Taking the last question first: The wording of the phrase “person taking such policy” is somewhat peculiar to Ohio. However, it seems to be perfectly plain. The avoidance of the terms “insured” and “assured” and the specific use of “taking” leaves no doubt in our minds. It can refer to only one person — the person making application for the policy. This is not necessarily the insured or even the assured. In this case it could mean only the insured, since he is the only person who was “taking” the insurance.

The fourth question raised as to the word “return” must be interpreted as part of the whole phrase. The statute says “return with” and is specifically referring to all papers, including the application for fhe insurance, which must be “returned” to the person taking the insurance at the same time as the policy is “delivered”, and as part of such policy. It is obvious that the returning refers not to the policy but to such attached papers which are presumed to have been in the possession of the person taking the policy when originally made ont.

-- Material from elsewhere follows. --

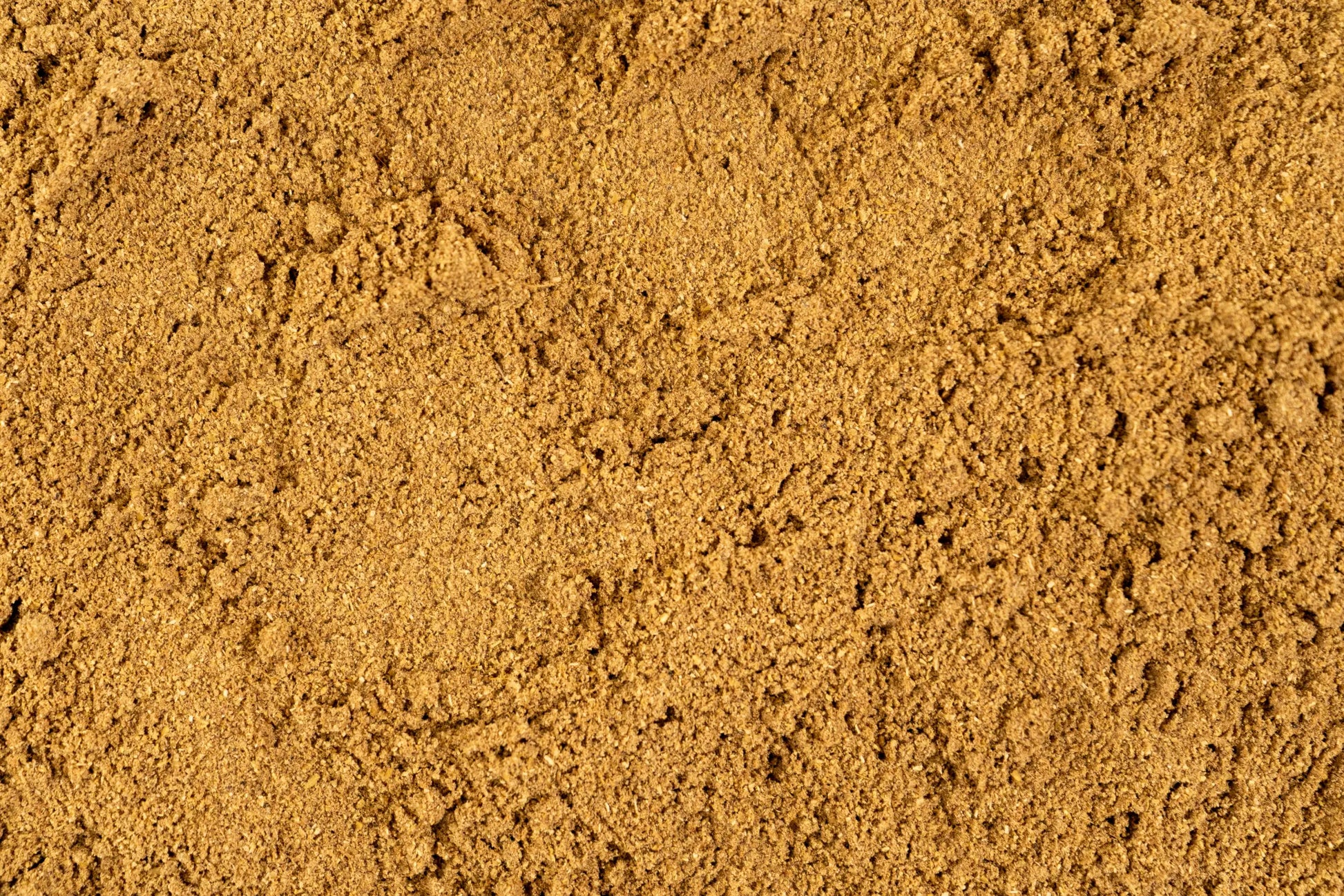 chettinad-masala-spicedright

As to question number three, we cannot agree with this interpretation. The real purpose is to prevent an agent of the company from falsifying answers or at least slipping in answers of which the person taking would not be aware. It is a common practice for the agent to fill out these forms (as was done here). And it has been known, that an agent, in his zeal to make a sale, may answer questions on the form which he has not even asked. This practice made available to the insurer the defense of fraud because the form had been signed. Ordinarily we are bound by our signature even though we have not read the fine print or the written answers. This situation amounts to a fraud by the agent — but a fraud which is very difficult to prove.

And it was to prevent this very thing that the legislature adopted the extraordinary means of estoppel by statute. Estop-pel under any circumstances is a harsh thing and reluctantly applied. It prevents, in effect, the telling of the truth. And estoppel by statute, therefore, must be regarded as an extremely serious matter.

Objection number two cannot be regarded by us very seriously. The beneficiary is not a party to the original contract. She answered questions for the convenience of the agent who knew exactly what he was doing. When he asked that she sign her husband’s name, he was participating in her action. Furthermore, the company did not rely too much on that information since they required two medical examinations thereafter. It is safé to say that those examinations were considered' more important than her answers.

That brings us to the first question, which actually is the important question. The agent here, from the testimony, handed this policy to the insured for one purpose and one purpose alone; to secure the signature on the up-rating endorsement. It appears that nothing was said about looking at or inspecting anything but the endorsement. When the signature was secured, the agent was in some haste to get his hands back on it again, and actually told the insured he had to take it back to Toledo before sending it to the bank. We cannot believe that these actions constituted a delivery of the policy together with the attached papers to the insured as required by statute. Neither did subsequent delivery to the bank effect such delivery. The statute, being very specific, says “return # # * to the person taking * * It omits any reference to an agent, and by implication eliminates such delivery.

Summing up, this section of the code is to protect the insured and his beneficiaries insofar as possible and should be liberally interpreted.

Judgment of the common pleas court is, therefore, affirmed.

Griffith, P. J., and Phillips, J., concur.